The Netgear Nighthawk RAXE500 was the first flagship WiFi 6E router, and it still impresses with tri-band AXE11000 performance, a 2.5G WAN port, and blistering close-range speeds on the 6 GHz band.

Netgear Nighthawk RAXE500 Review: Fastest WiFi 6E Router
8 min read

When WiFi 6E arrived in 2021, the Netgear Nighthawk RAXE500 was the router that put the new standard on the map. It earned a Tom’s Guide Award for best Wi-Fi router at launch and remains one of the fastest single-unit routers money can buy. But “first” doesn’t always mean “best” — so does the RAXE500 still hold up in 2026?

Design and Build Quality

The RAXE500 breaks from the typical router aesthetic. Instead of a black box bristling with antennas, Netgear gave it a bold, sculptural look: a matte-black body with two fold-out wings that house the internal antenna arrays. Opened up, it spans roughly 12 inches wide and looks more like a piece of audio equipment than a networking device. All eight antennas are internal, so there’s nothing to screw on or accidentally snap off.

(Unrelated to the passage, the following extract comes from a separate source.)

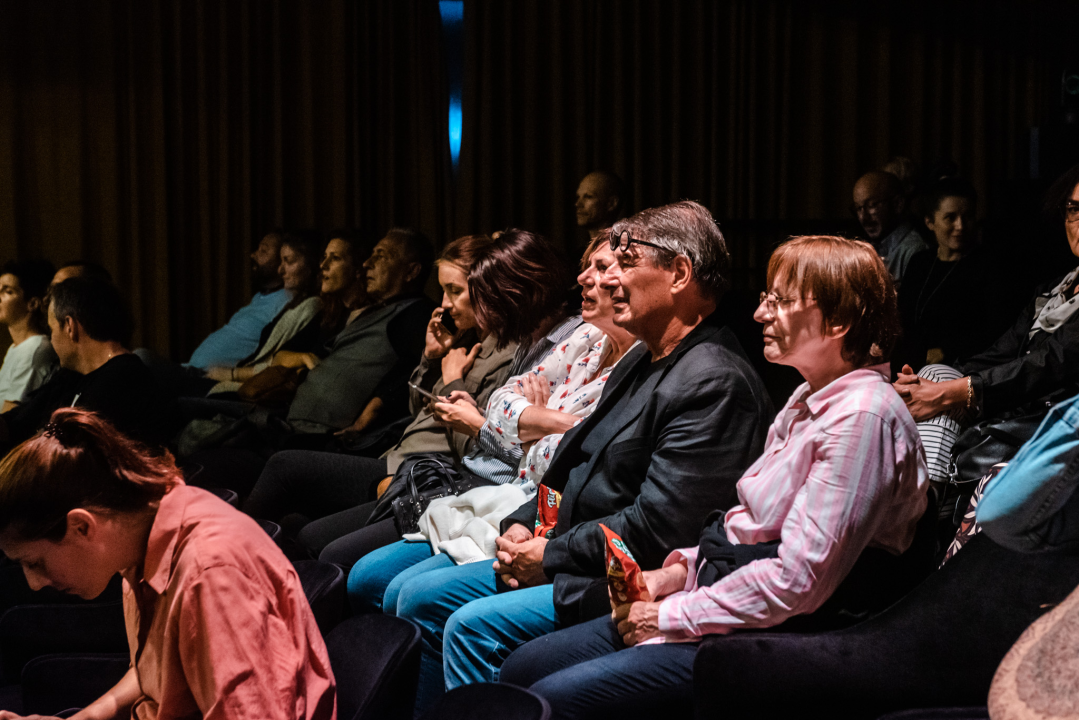 Totalno drugačija projekcija: Prije filma o Bowieju, posjetitelji u Arsenu uživali u glazbi i 'Stardust' koktelima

Build quality is excellent — the plastic feels dense and premium. The rear panel houses one 2.5 Gbps WAN port, five Gigabit Ethernet LAN ports, a USB-A 3.0 port, and a power connector. Wait — yes, there is a USB port, though Netgear’s marketing documentation varies. In practice you get basic NAS and printer sharing functionality through the Nighthawk app.

Specs at a Glance

  • WiFi standard: WiFi 6E (802.11ax), AXE11000
  • Bands: Tri-band — 2.4 GHz (1.2 Gbps) + 5 GHz (4.8 Gbps) + 6 GHz (4.8 Gbps)
  • Total theoretical throughput: 10.8 Gbps
  • Streams: 12 (4×4 per band)
  • Processor: 1.8 GHz quad-core
  • RAM / Flash: 1 GB DDR3 / 512 MB NAND
  • Coverage: Up to 3,500 sq ft, 60 devices
  • Ports: 1× 2.5G WAN + 5× Gigabit LAN
  • Security: WPA3, Netgear Armor (subscription)

Setup and Software

Setup follows Netgear’s standard path: download the Nighthawk app, scan the QR code on the router, follow the on-screen prompts. The process takes about eight minutes from box to browsing. The app covers the basics — guest networks, device management, parental controls, and firmware updates — but it feels slightly behind competitors like the Eero app or TP-Link Deco in terms of polish and feature depth.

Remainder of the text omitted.